GIVEN RECORDS:
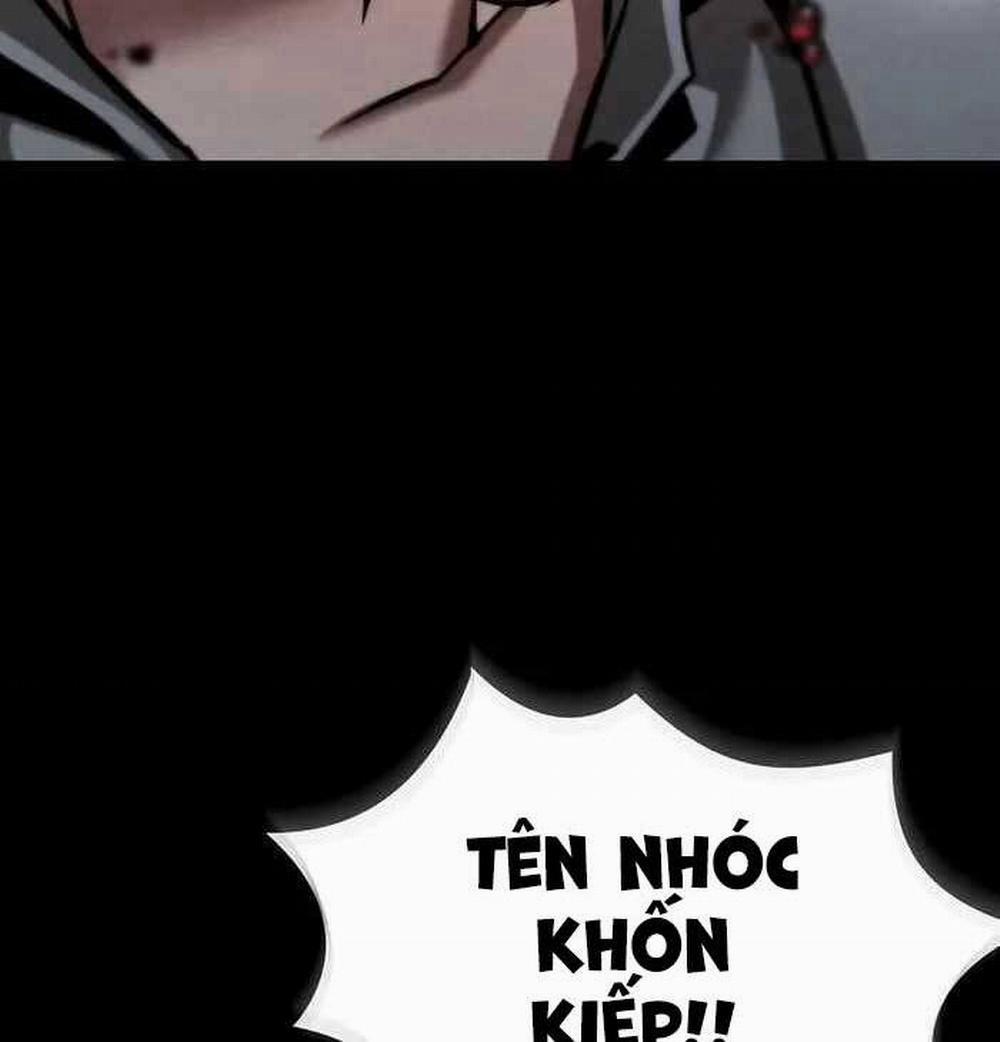 Kiếm Sĩ Thiên Tài Của Học Viện 7 trang 67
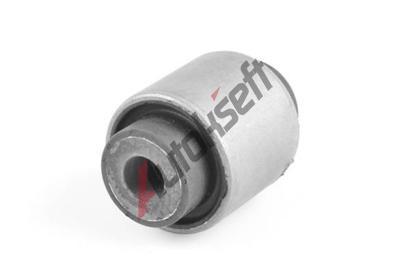 TEDGUM Uložení řídicího mechanismu TDG TED19746, TED19746  TEDGUM Uložení řídicího mechanismu TDG TED19746, TED19746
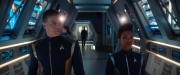 Filename=extant_StarTrekDiscovery_2x01-Brother_06312.jpg
Filesize=163KiB
Dimensions=1920x800
Date added=Dec 07, 2019 extant_StarTrekDiscovery_2x01-Brother_06312.jpg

WORK INSTRUCTIONS: The answer is a faithful copy of the records above, with the pictures removed.

YOUR RESPONSE:
 Kiếm Sĩ Thiên Tài Của Học Viện 7 trang 67
 TEDGUM Uložení řídicího mechanismu TDG TED19746, TED19746  TEDGUM Uložení řídicího mechanismu TDG TED19746, TED19746
 Filename=extant_StarTrekDiscovery_2x01-Brother_06312.jpg
Filesize=163KiB
Dimensions=1920x800
Date added=Dec 07, 2019 extant_StarTrekDiscovery_2x01-Brother_06312.jpg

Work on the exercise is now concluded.